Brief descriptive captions

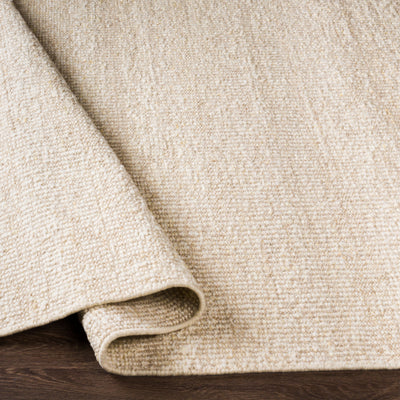 product image for Sadie Wool Tan Rug Fold Image 10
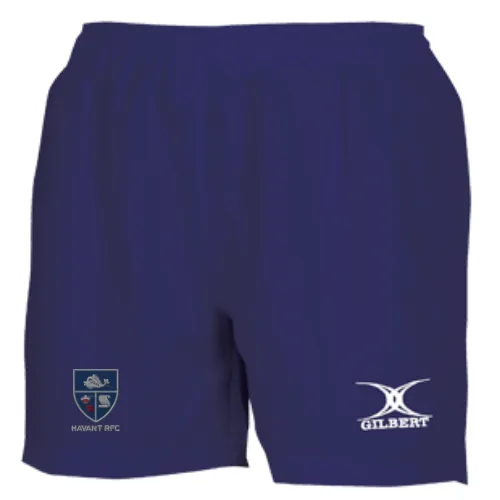 gilbert-rugby-havant-rfc-donna-pantaloncini-match-saracen-v3-blu-navy image 1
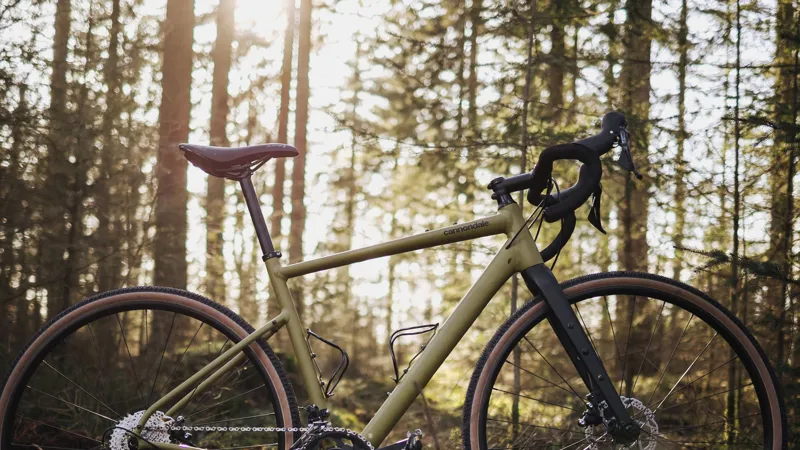 Dropbar Road and Gravel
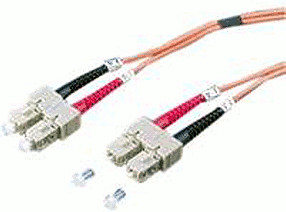 Value LWL Cable Duplex SC/SC 62.5/125 OM1 3m
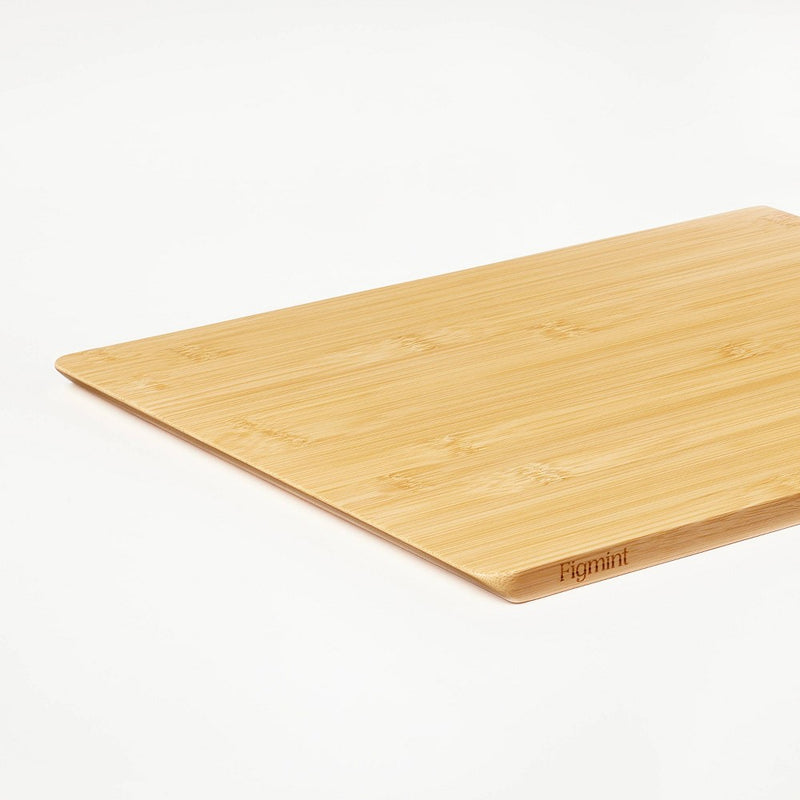 10"x13" Reversible Bamboo Cutting Board Natural - Figmint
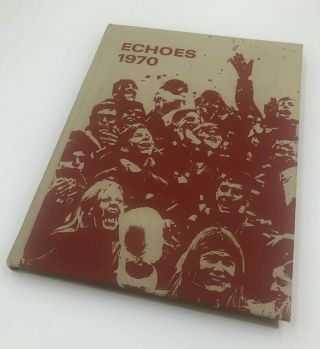 1970 Trier East High School Yearbook Winnetka Illinois - Echoes - No Sigs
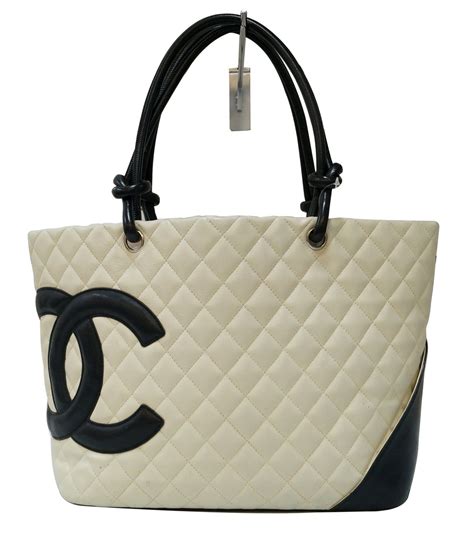 chanel cambon tote fake|Chanel cambon tote review.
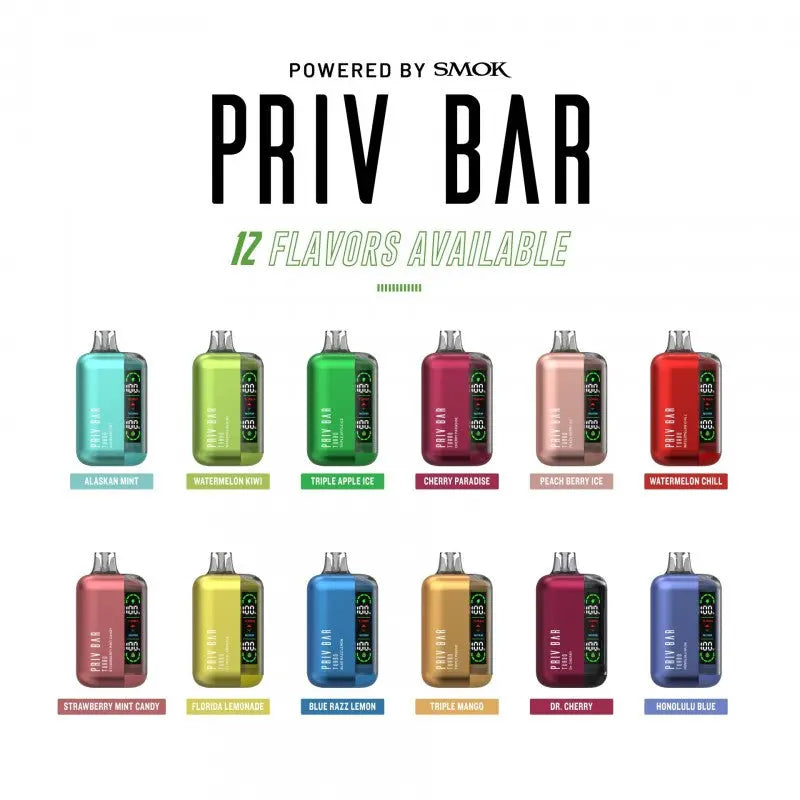 PRIV Bar Turbo - Alternative pods | Online Vape & Smoke Shop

WHAT IS EXPECTED:
Print all of the entries word for word. Skip any images they contain.

OUTPUT BELOW:
 product image for Sadie Wool Tan Rug Fold Image 10
 gilbert-rugby-havant-rfc-donna-pantaloncini-match-saracen-v3-blu-navy image 1
 Dropbar Road and Gravel
 Value LWL Cable Duplex SC/SC 62.5/125 OM1 3m
 10"x13" Reversible Bamboo Cutting Board Natural - Figmint
 1970 Trier East High School Yearbook Winnetka Illinois - Echoes - No Sigs
 chanel cambon tote fake|Chanel cambon tote review.
 PRIV Bar Turbo - Alternative pods | Online Vape & Smoke Shop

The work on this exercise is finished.